To further lower risk in the over-the-counter derivatives marketplace, all standardized derivatives should be cleared through central clearinghouses. I understand from your public letters that this is also something you support. Clearinghouses act as middlemen between two parties to a transaction and guarantee the obligations of both parties. When transactions aren’t cleared, they stay on the books of the derivatives dealers for many years. This enables dealers to become dangerously interconnected with each of their counterparties, as we saw with AIG. Clearinghouses move the risk off of the books of the dealers and into robustly regulated central counterparties.
Some derivatives are highly tailored to meet the particular needs of particular hedgers, and those contracts should not be subject to a clearing requirement. We should, however, ensure through dealer regulation that capital requirements account for the additional risk posed by customized bilateral derivatives transactions. Authority to set capital requirements, though, is not sufficient. We also must ensure that regulators can set margin requirements on bilateral trades as appropriate. The House and Senate Banking Committee bills accomplish these goals.
It is essential that we move as many over-the-counter derivatives transactions into central clearing as possible. We should not enact broad exemptions for particular transactions based on which party stands on one side of the trade. It is important to note that while American taxpayers were not required to cover market exposures on any cleared futures transactions, they had to bail out AIG and others in part to cover uncleared derivatives contracts. Thus, the more transactions that are cleared, the better protected the American public is.
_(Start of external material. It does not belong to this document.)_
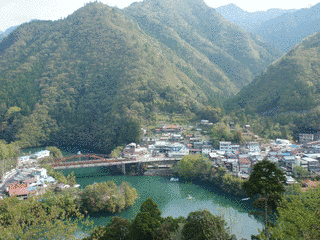 十津川温泉の画像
To ensure fairness and competition, OTC derivatives clearinghouses should have open access and be required to take on trades from any regulated exchange or swap execution facility. Clearinghouses should not be allowed to discriminate between or amongst the trades coming from one trading venue or another. Some of the existing clearinghouses have expressed reservations about provisions included in the House and Senate Banking Committee bills that would establish such open access. But dropping this provision would only lessen competition and allow OTC derivatives clearinghouses to establish barriers to entry.
To ensure that clearinghouses are not governed by parties that might have a conflict of interest or financial stake in particular transactions, market regulators should have authority to write rules to protect against such conflicts. Lastly, clearinghouses should have open membership that is transparent, objective and nondiscriminatory.
The Senate Banking Committee legislation has a strong clearing requirement for standardized contracts and limits exemptions to only those that market regulators approve. The House bill also has a strong clearing requirement, but it may leave out a large portion of the market comprised by transactions between derivatives dealers and their customers. While a transaction between two Wall Street banks, for example, would be subject to a clearing requirement, a transaction between a bank and one of its customers might not be covered. At a minimum, we should ensure that every transaction between Wall Street banks and their financial customers, such as hedge funds, insurance companies or leasing companies, be subject to a clearing requirement.
In 2008, the financial system failed, and the financial regulatory system failed. The results have been calamitous. While the stock market has rebounded and many Wall Street banks have paid back some of their TARP money, the American public is still largely unprotected from the risks associated with the over-the-counter derivatives marketplace. Financial reform will be incomplete if it does not bring robust, comprehensive regulation to this market.
Thank you, and I’d be happy to take your questions.